Of course, there are digital trails of wallet-to-wallet transactions. The RBI is working on this too — It should be erased completely. The effort is to mimic cash.

CBDCs could reduce the cost of sending remittances from abroad.

AIIMS Cyber Attack

AIIMS was subjected to a cyber attack in November 2022. The attack was followed by similar attacks on Safdarjang Hospital and ICMR.

As we are aware, this is done through ransomware. Ransomware is a kind of malware which cyber criminals introduce into the system to seize sensitive data so as to extract ransom money or demand. This is initiated by such a simple thing as plugging a device for charging or by clicking on a link. These links are generally sent through phishing emails. These links contain the ransomware. The malware once activated commences to encrypt data from the infected server or device. In other words the data can be accessed only by the hacker. Victims are asked to pay for decryption key to resume access.

In AIIMS case, the data was encrypted, In addition, it was also copied. In such cases, if ransom is not paid, there is a threat of the data being made public. Generally, it is done on the dark web.

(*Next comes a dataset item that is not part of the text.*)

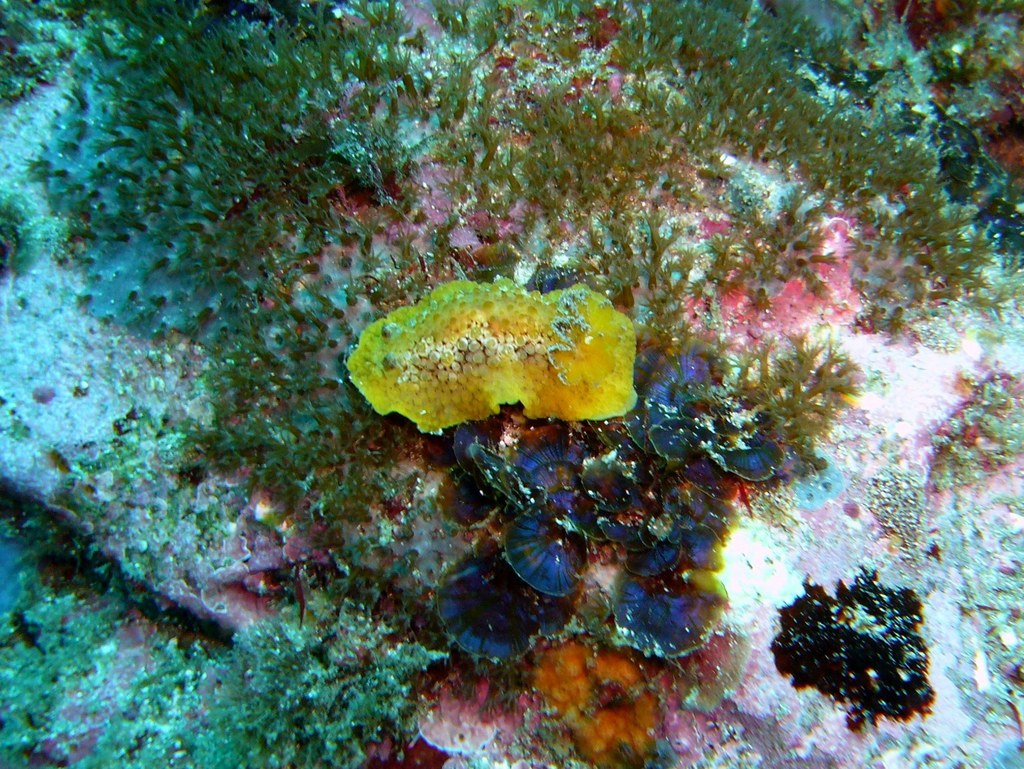Carminodoris nodulosa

AIIMS systems are old and archaic. Perhaps, there were no security patches from the software suppliers. The antiviral programmes too perhaps have not functioned properly.

In such a malware attack, the data is recovered through a backup. Or else, they try to find a decryption key. In most cases, there is only one decryption key and so getting it decrypted seems difficult. It is not known whether there is data backup.

There could be efforts to apprehend the hackers. In case of foreign hackers, that can be done if there is collaboration with the foreign governments. Sometimes, there could be state actor too.